# Great American Trains at eclsts



## Ltotis (Jan 3, 2008)

There are a bunch of F40 sets with smooth Side cars at Nick smith.

LAO


----------



## aceinspp (Jan 2, 2008)

What not pics. Later RJD


----------



## NTCGRR (Jan 2, 2008)

F40S ???? Gp 40s


----------



## Greg Elmassian (Jan 3, 2008)

I'd like to buy a few, maybe they have on their web site. 

Marty: wake up... You missed all the superliner threads and builds? google "Great American Trains".... they look pretty good, not a huge amount of detail. I believe they are 1:32. 

Greg


----------



## Ltotis (Jan 3, 2008)

prices were right. Engine and two cars $250. Add-on cars $50. Dummy engines $50. Still have two sets left.


Lao


----------



## NTCGRR (Jan 2, 2008)

Photo please Larry


----------



## Greg Elmassian (Jan 3, 2008)

[No message]


----------



## tmtrainz (Feb 9, 2010)

I saw the sets there and was not impressesd by them. 
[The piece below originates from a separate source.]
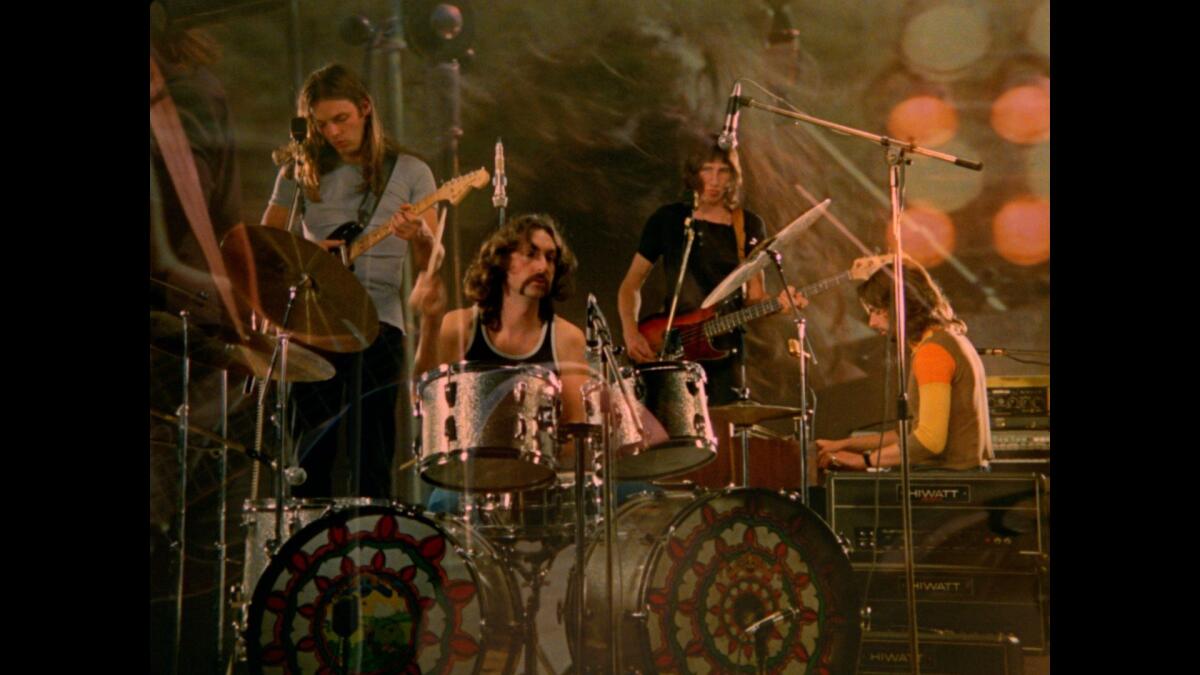 I Pink Floyd nelle sale della Calabria, anche a Zumpano -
they look pretty good, not a huge amount of detail 

How about little if no detail at all. They looked very toy-like to me.


----------



## Tom Parkins (Jan 2, 2008)

OK boys, here are a couple pictures as requested. I was not at all impressed. They are "stamped tinplate". They somewhat remind me of the original Marx trains. There is very little detail on these guys. The price is right.....for what? I have better uses for $250 on my garden railroad. But some might find these suit them just fine, and perhaps a little work, and maybe different paint I might find myself saying "I wish I had some". But I think it will take a lot of work to bring these up to par. 
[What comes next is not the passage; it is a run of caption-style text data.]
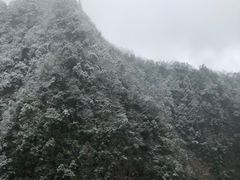 -黑色经典臭豆腐·湖南特产(潇湘文化店)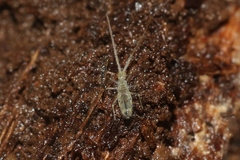 Salininae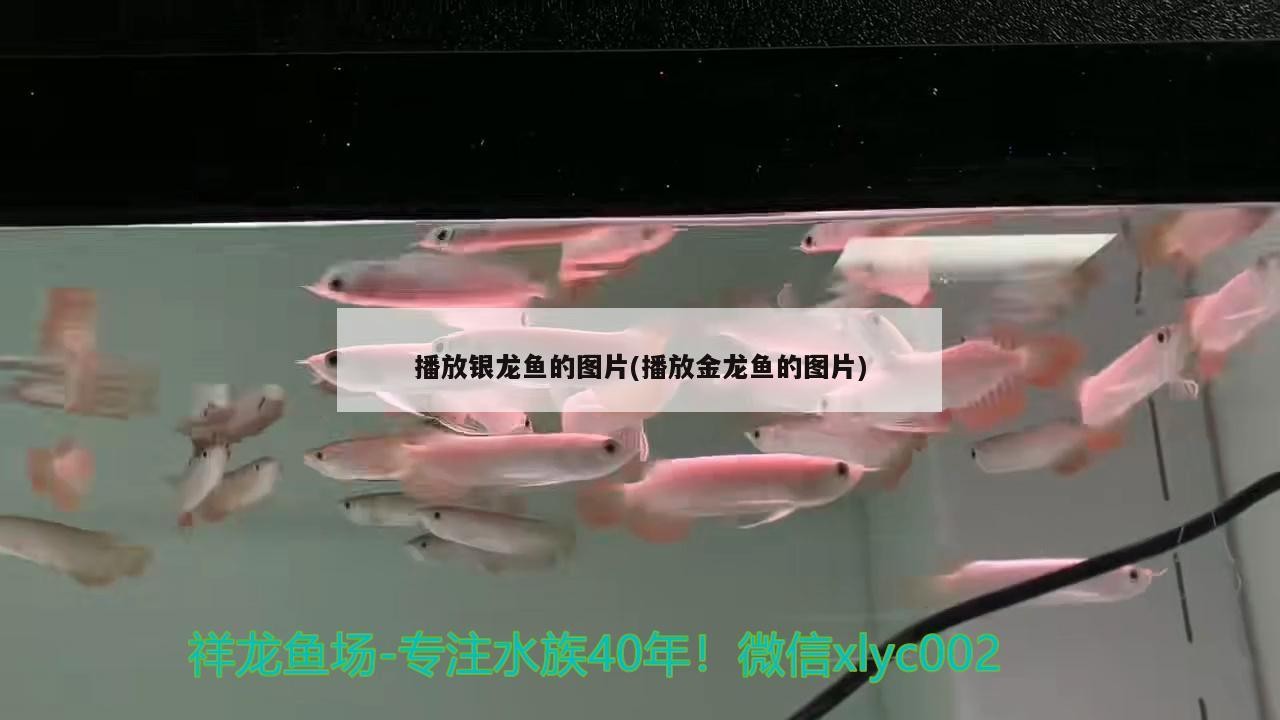 經濟開發區家家香鮮肉經銷店 全國水族館企業名錄 第1張 經濟開發區家家香鮮肉經銷店 經濟開發區家家香鮮肉經銷店 全國水族館企業名錄 第1張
Pictures taken a Nicholas Smith booth fall ECLSTS.


----------



## Greg Elmassian (Jan 3, 2008)

The locos are plastic, not tinplate right? 
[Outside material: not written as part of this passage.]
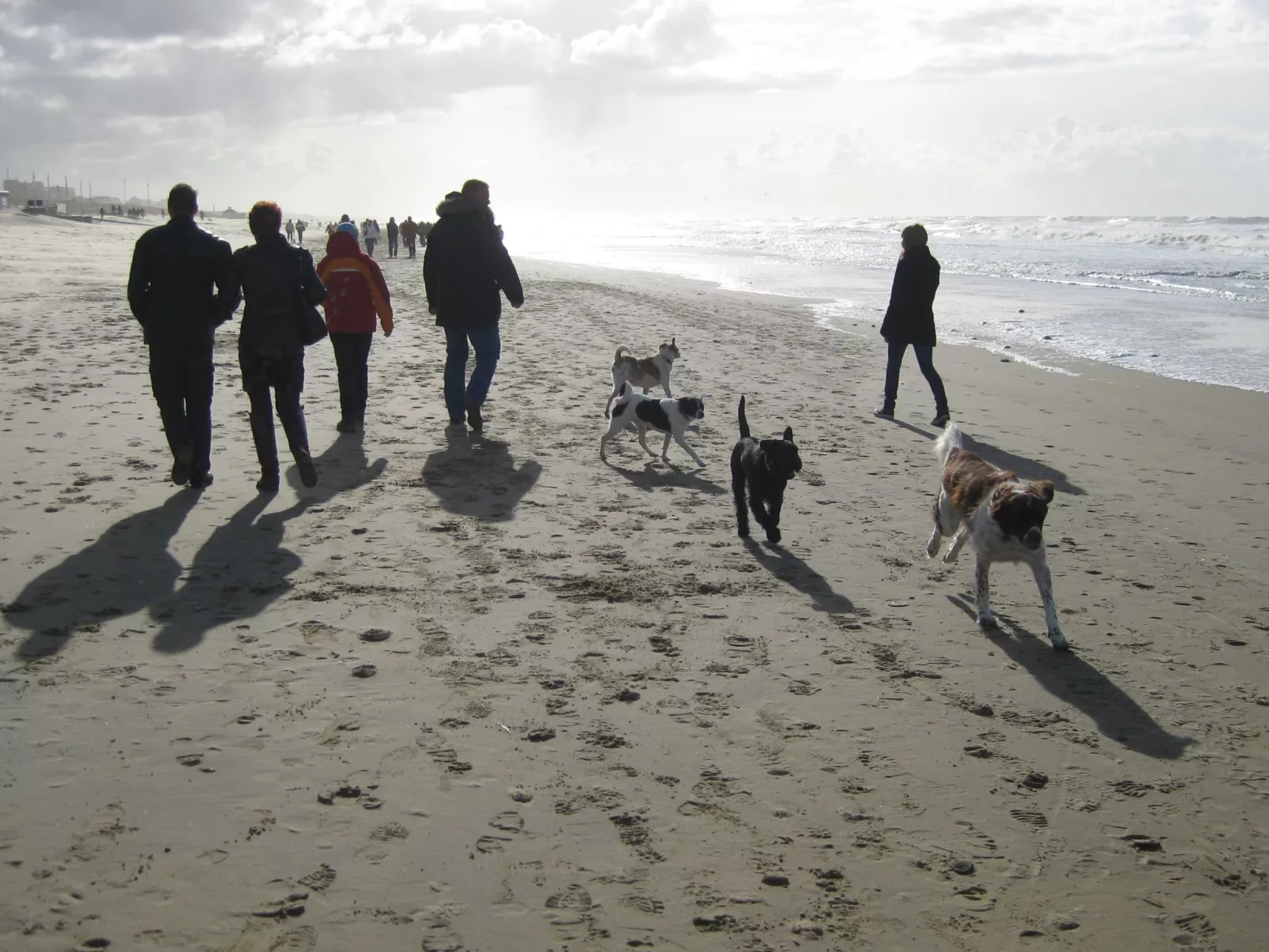 BlueSky - Image-tags.info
Do you mean to say that the streamline cars are thin metal? 

I've never seen pictures of the cars themselves, just the locos. 

Regards, Greg


----------



## vsmith (Jan 2, 2008)

The cars and engines are PLASTIC cause I had both AND the Superliners they made. Granted they are not the best detail but you try mass production in your garage ;-) I thought they were perfectly fine given the time and place they emerged on the scene. The reality was that they were way ahead of thier time and came out when LGBs little narrow gauge trains were the defacto standard and mainstream of LS. These anticipated the move towards standard guage but being scale correct at 1/32 didn't anticipate Aristos "Big Idea" aka 1/29 scale. As a result the vast majority at the time being NG, they didnt sell and the company went south. So cut them some slack. For thier time they are quite impressive for what was in all intents a garage operation.


----------



## Ltotis (Jan 3, 2008)

Just remember that these products are about 30 years old. Let's not compare them to what has come out the past 10 or years. Greg, call Chris Gans at Nick Smith. I don't think he was going to put them on the site.
LAO


----------



## Greg Elmassian (Jan 3, 2008)

Thank you Larry, for the "lookout" and the information! 

Greg


----------



## NTCGRR (Jan 2, 2008)

interesting???


----------



## smcgill (Jan 2, 2008)

Posted By NTCGRR on 24 Sep 2011 08:50 AM 
Photo please Larry Camera will not fit in the speedo!!!!!!!


----------



## aceinspp (Jan 2, 2008)

So they where 1/32 and not 1.29 another reason not to buy. Later RJD


----------



## Doug C (Jan 14, 2008)

I hade never read or heard of these before. Seen a couple other manufacturers mentioned in olde RMC mags and even Schelienders (sp?) LS handbook but not these. 

I would think these would be more "collectible" than the made in china product produced in the last decade ! That said, IF you're a collector, not a user !!

imho, 
doug c 

{ Thanks LAO, for the info thread ! }


----------